That said, much as I admire Hemel and Posner, they are wrong to think that Special Counsel Robert Mueller should consider indicting anyone under the Logan Act, and equally wrong to think that a Logan Act violation would be a tenable ground for impeaching a president. More importantly, their focus on a statutory obscurity like the Logan Act exemplifies an error a good many Trump opponents are making—fixating on the technical violation of a criminal statute as a basis for impeachment.

As for Mueller, he and his team have two intertwined objectives. The first is to investigate and prosecute crimes connected with Russian interference in the 2016 election. The second objective, unstated in his mandate but equally significant, is to ensure that the results of the investigation will withstand—at least in the eyes of rational observers—the inevitable allegations of political bias. Employing the Logan Act would defeat this crucial second objective.

There are good reasons why the Logan Act has not been successfully invoked in more than 200 years. The primary one is that it is violated routinely and enforcing it would contravene well-established norms of political behavior.

Consider, as but one example, the plethora of private persons and organizations interested in U.S.-Israeli relations. Lobbying groups like the American Israel Public Affairs Committee and J Street are routinely involved in disagreements between Israel and the United States. Sometimes they align with the policies of the administration of the day in Washington. Sometimes they oppose those policies as inimical to the well-being of Israel.  Regardless of the issue or the prevailing degree of comity between the U.S. and Israeli governments of any given moment, American Jewish groups are constantly in “correspondence or intercourse” with official representatives of Israel.

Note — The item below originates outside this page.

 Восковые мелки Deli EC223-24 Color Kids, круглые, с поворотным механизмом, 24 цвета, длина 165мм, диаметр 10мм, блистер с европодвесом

The same could be said of any number of other associations. Many Latino groups oppose current U.S. immigration policy. Does anyone seriously suppose that representatives of such groups should be criminally prosecuted if they met with, say, the Mexican ambassador, and urged the Mexican government to continue opposing Trump’s infamous wall? Amnesty International and Human Rights Watch vigorously opposed the U.S. practice of torture and so-called “extraordinary rendition” during the Iraq War and its aftermath. Should American members of these organizations be prosecuted if they met with representatives of foreign governments urging them, in the words of the Logan Act, to “defeat the measures of the United States.”

Criminal prosecutions for this ordinary form of American political behavior would excite clamorous public objections, invite comparison to efforts by authoritarian regimes like Russia to suppress domestic contact with Western open society groups, and draw immediate constitutional challenge on either First Amendment or overbreadth grounds. The fact that in Flynn’s case the American contacting foreign agents had quasi-official status as a member of a presidential transition team made it rather more likely that the meddling would have some practical effect. But transition contacts with foreign governments, complete with signals of varying degrees of directness about impending policy changes, are hardly unprecedented, even if they are poor form. And it’s hard to see why a member of a transition team should be prosecuted when others never have been.

This is not to say that contacts between members of the Trump team and Russia during the transition period were necessarily innocent. They may end up as components of some criminal charge. But Mueller and his people are not likely to complicate any case they bring by basing it on a controversial and constitutionally doubtful relic like the Logan Act. Doing so would be a gift to those who seek to question the legitimacy of their work. And these guys seem unlikely to score that kind of own goal.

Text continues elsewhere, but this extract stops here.